-- What to do --
Beginning with the line that contains "Set Of 2 Brushed" in the material below, print each line exactly until the line that contains "thumbnail image 1" has been printed, then stop.

Top of Provided information

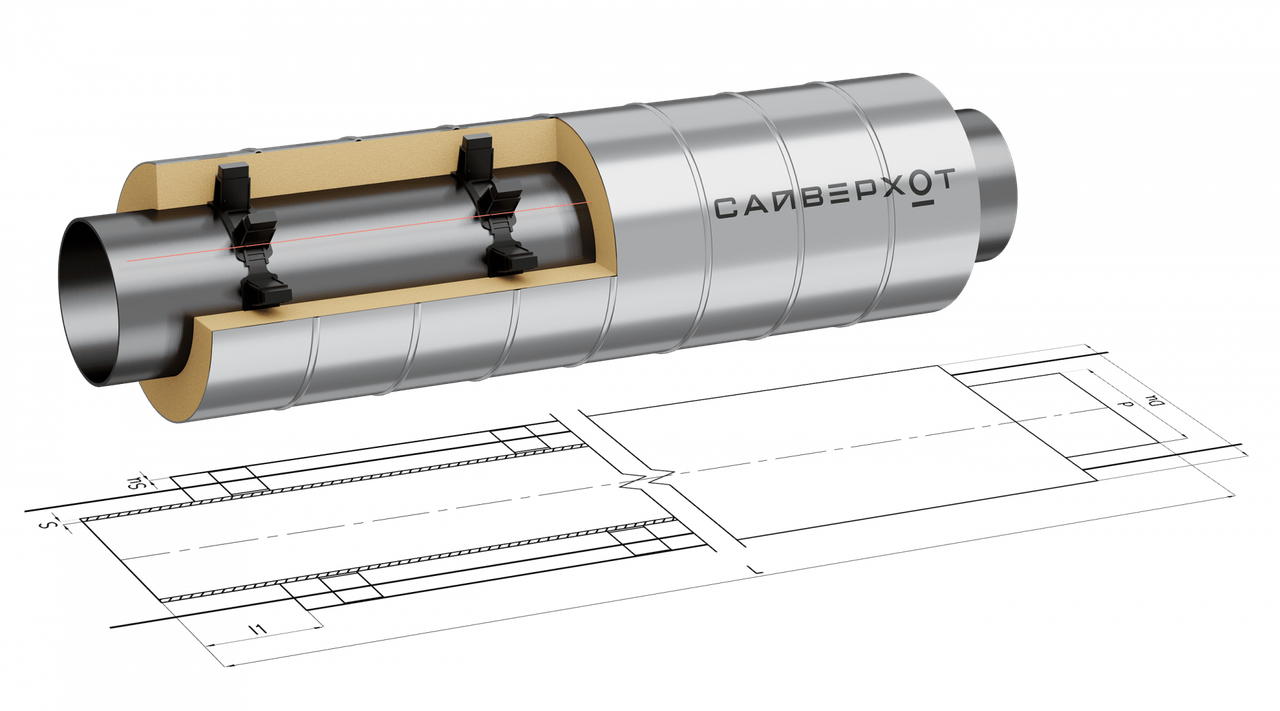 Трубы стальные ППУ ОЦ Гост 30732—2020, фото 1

Bottom of Provided information
Top of Provided information

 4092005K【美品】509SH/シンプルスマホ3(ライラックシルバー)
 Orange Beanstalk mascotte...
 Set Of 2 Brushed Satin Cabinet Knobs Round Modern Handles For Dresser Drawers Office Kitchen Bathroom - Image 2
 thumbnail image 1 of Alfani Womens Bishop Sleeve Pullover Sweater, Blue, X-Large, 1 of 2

Bottom of Provided information

-- Answer area --
 Set Of 2 Brushed Satin Cabinet Knobs Round Modern Handles For Dresser Drawers Office Kitchen Bathroom - Image 2
 thumbnail image 1 of Alfani Womens Bishop Sleeve Pullover Sweater, Blue, X-Large, 1 of 2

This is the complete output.